Thursday, November 15, 2012

High Availability with JBoss SOA Platform


High Availability and why we need it

When employing ESBs, one of the most import aspects is that the ESB be highly available. This requirement will arise naturally from the fact that the ESB is an intermediate between other applications which rely on it to supply them with data. When the intermediate is offline, then the entire chain comes offline. To counter this, the ESB is deployed with some sort of failover mechanism in order to make it more resilient to failures.

JBoss SOA Platform is Red Hat's solution for enterprise SOA. It contains, among other things, the Jboss Application Server plus two products that we are interested in: JBoss ESB and JBoss Messaging. JBoss ESB is at it's core a mediation engine, it contains the logic for getting messages from one endpoint to another.  The endpoints are the sources and destinations for messages. They can be implemented with various technologies, like JMS queues, webservices, ftp sites, etc. JBoss Messaging is a JMS implementation, it enables you to setup and manage queues.

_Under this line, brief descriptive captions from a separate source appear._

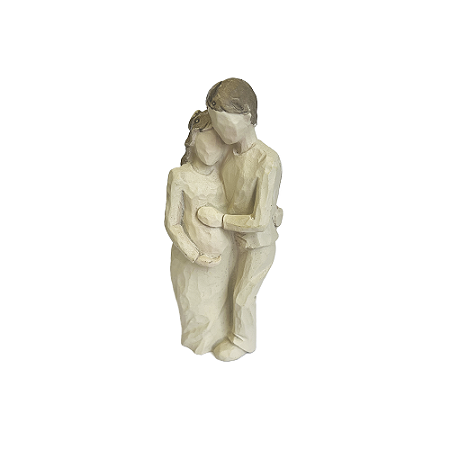 Mini Casal Bege Grávida Mod2 Decorativo Festa Casa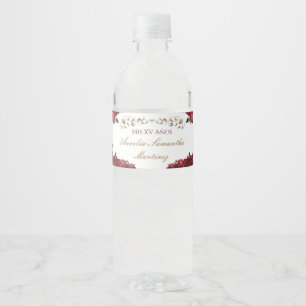 Red Roses Quinceañera Water Bottle Labels
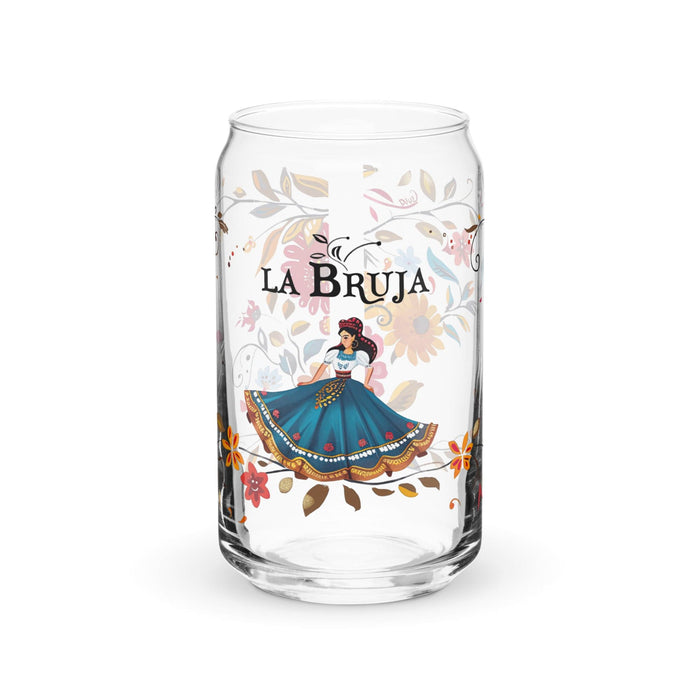 La Bruja Exclusive Art Piece Can-Shaped Glass Home Office Work Mexican Spanish Pride Gift Cup One-Of-A-Kind Calligraphy Glass | L11 Mexicada 16 oz (No Lid No Straw)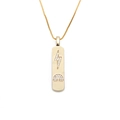 Goldene Halskette mit Blitz-Regenbogen-Rechteck-Anhänger und Box-Kette auf weißem Grund - Blitz Regenbogen Anhänger / Box Kette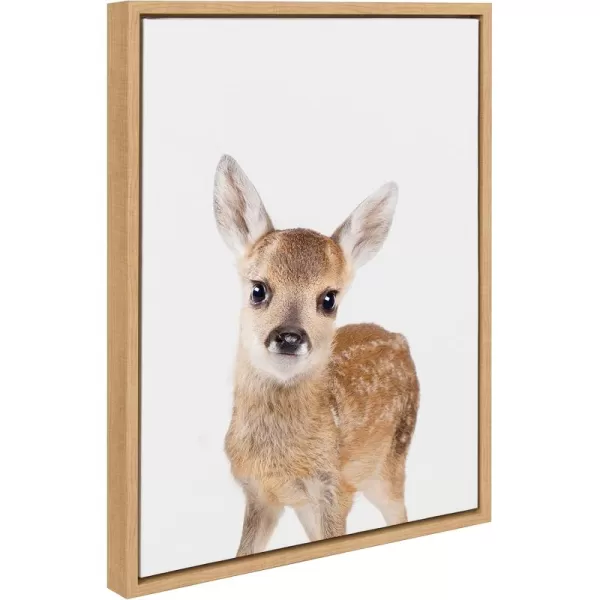 Kate and Laurel Sylvie Animal Studio Deer Framed Canvas Wall Art by Amy Peterson Art Studio 18x24 Natural Whimsical Fun Animal Nursery Art for WallNatural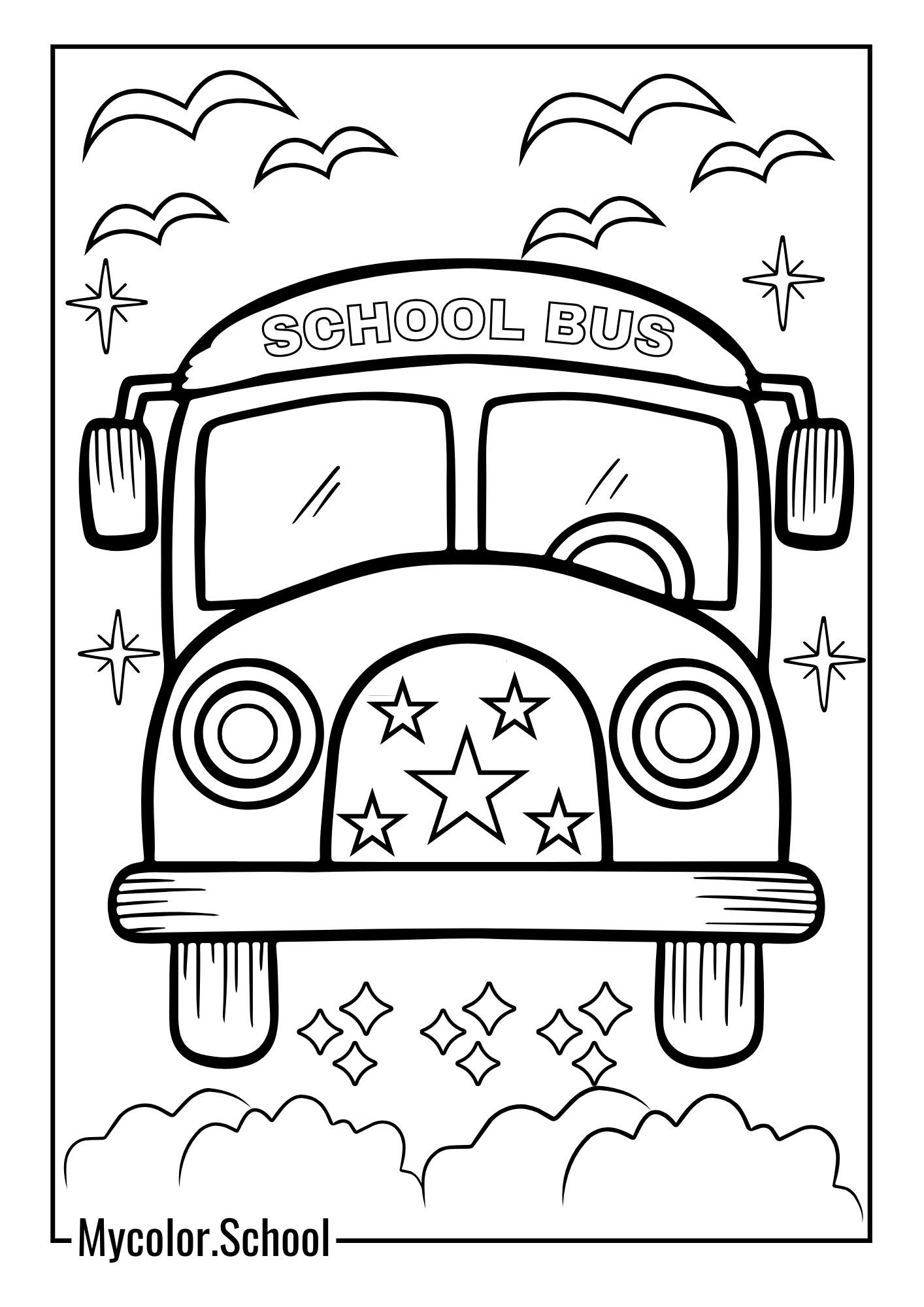School Bus Coloring Pages Great School Bus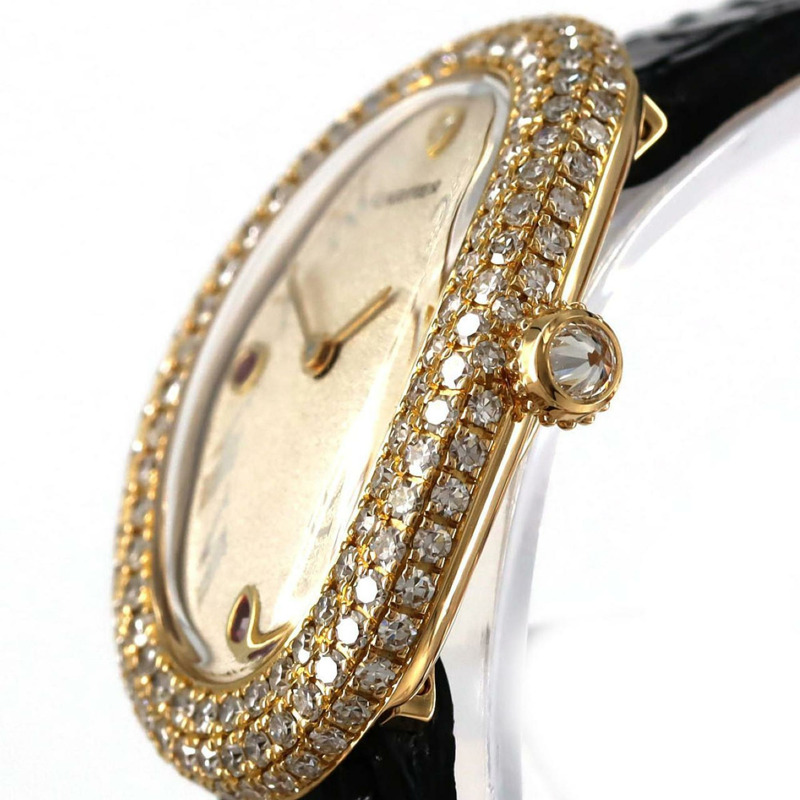 卡地亞 Baignoire 金 3D 1P&3R WB502751 石英錶-3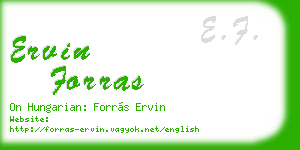 ervin forras business card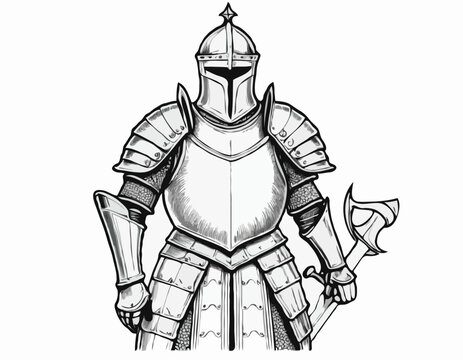 Knight in armor . Medieval heraldry symbol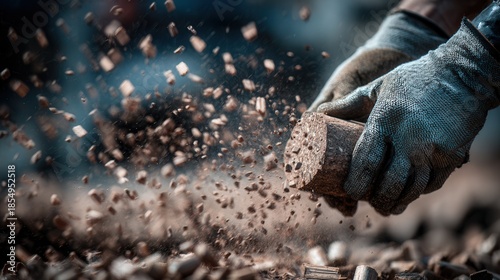 Wallpaper Mural A worker wearing protective gloves handling a compact biomass briquette, wood particles scattering dynamically during processing, renewable energy concept, sustainable fuel production Torontodigital.ca
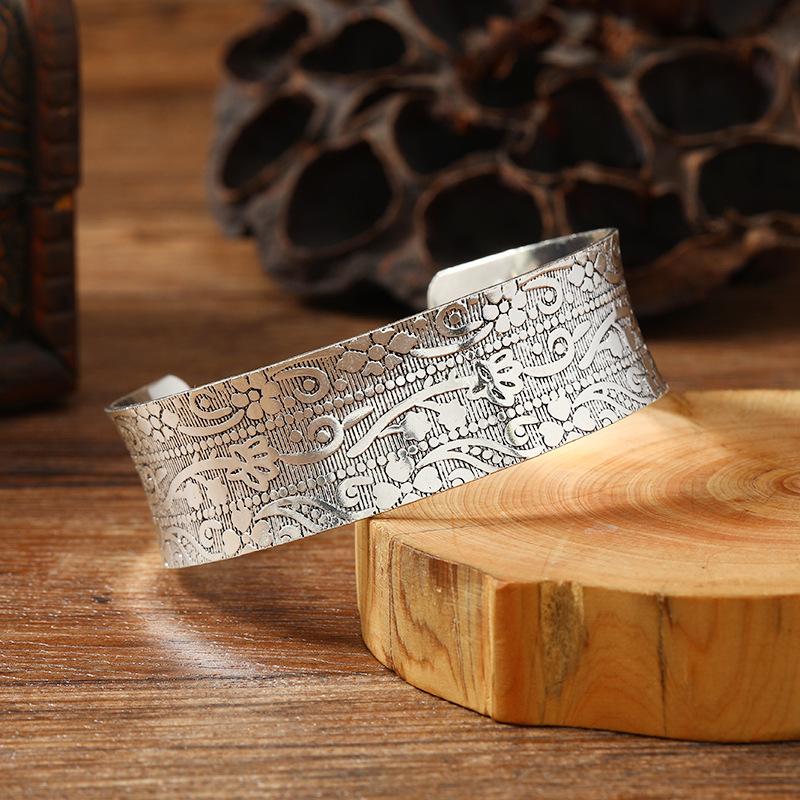 Retro metal wide version open bracelet personalized silver exotic bracelet women's medieval niche accessories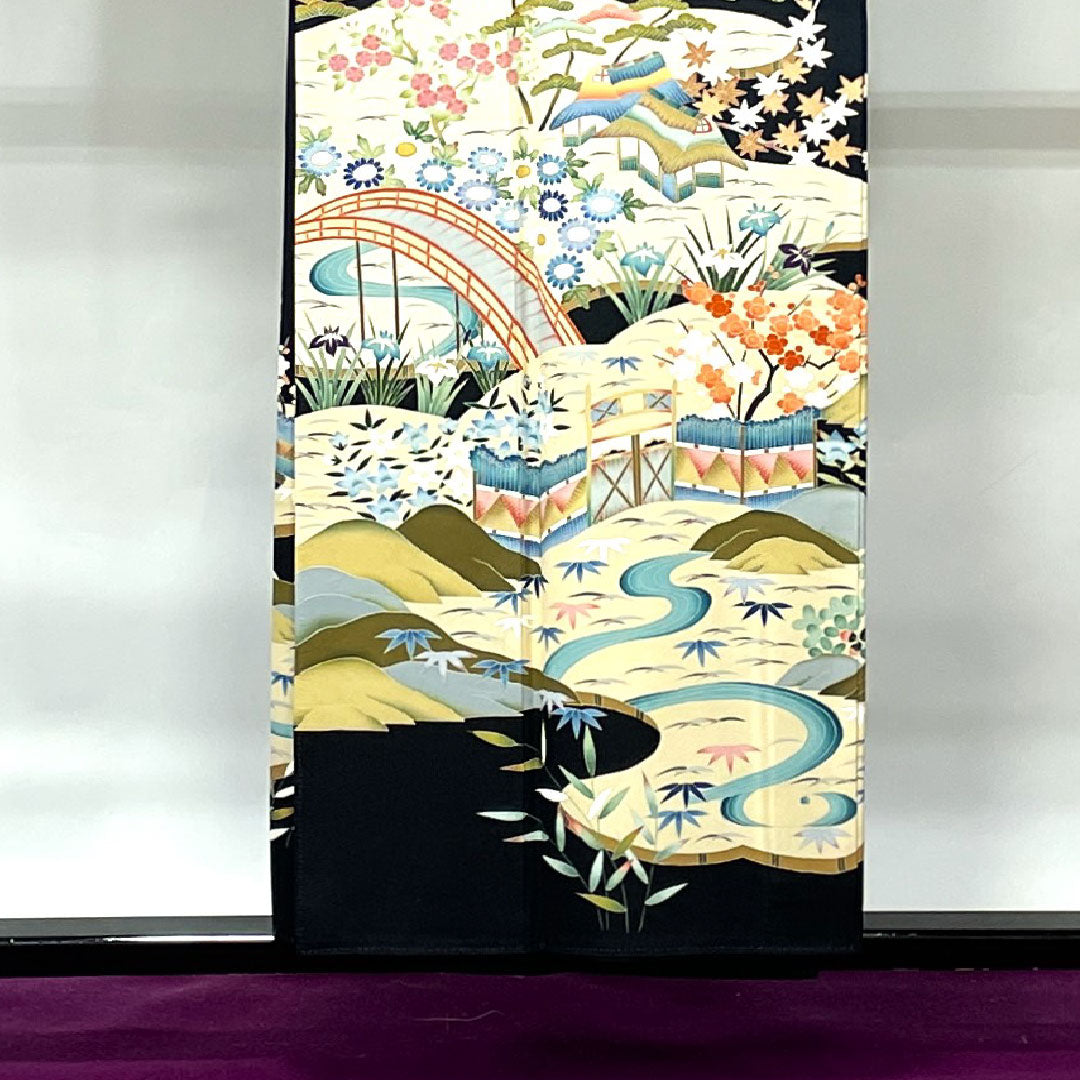 Black Tomesode, Length 154.5cm, Sleeve Length 62cm, Awase, Kyoto Yuzen, Landscape Pattern, Thread Ring and Peeking Mokko, Pure Silk, A Rank, Five Crests, Black, 1111000883210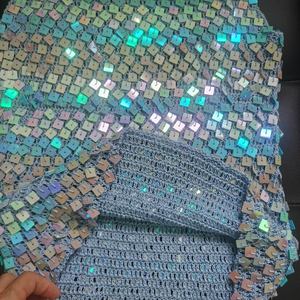 2025 New Fashionable Women's Square Customizable Handmade Crochet Solid Color <b>Sequin</b> Strap <b>Top</b> - Product Image 4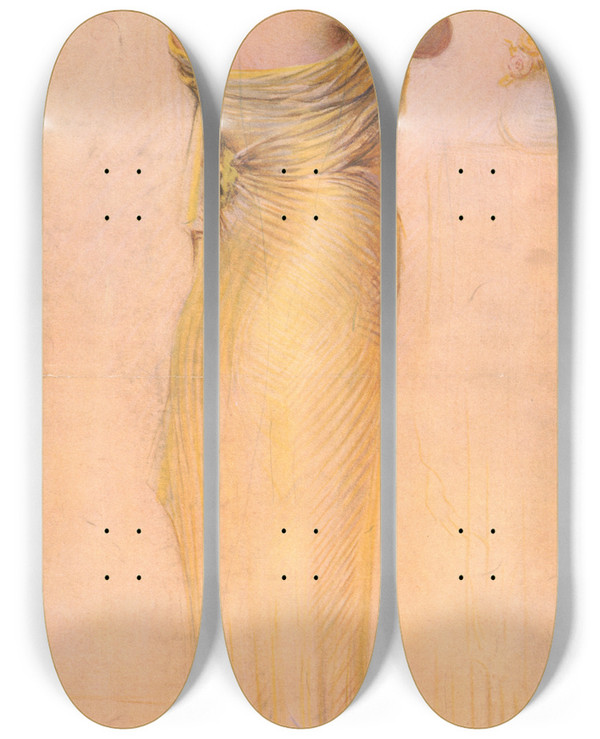 Triptych art skateboard deck of G Bouy Camille by G Bouy (19-20-)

Combined this two technologies enable you to move data accross your enterprise: by letting an application put messages on one JMS queue, JBoss ESB can then transport it to another queue where the messages are picked up by another application. One of the advantages of such an approach is that the two applications that are actually sharing data in this way don't need to know about each other. They don't even need to be running at the same time. The downside, as previously noted, is that the ESB is a single point of failure.

HA strategies and concepts

We mentioned the need to make the ESB resilient to failures. But how do we go about this? Remember that the root of the problem is that the ESB is a single point of failure. That is the case because it is running in a process, and that this process could cease for whatever reason. 

But if we could have multiple ESBs running in their own processes, then the failure of one would not affect the other. The better the different processes are insulated from each other, the more robust the solution. For this to really work however, a mechanism would be needed so that in case of failure of one instance, the remaining ones take up the work it was doing.

But making the ESB resilient is not enough. Because the endpoints are the interface between the ESB and other systems, they too need to be HA for without them no data can be shared. The HA strategy of the endpoints is strongly correlated with the endpoint transport mode. For instance: JBoss Messaging can cluster queues, webservices can be made HA via a dedicated http loadbalancer. As it turns out JBoss Messaging has it's own out-of-the box clustering support, so we just use that.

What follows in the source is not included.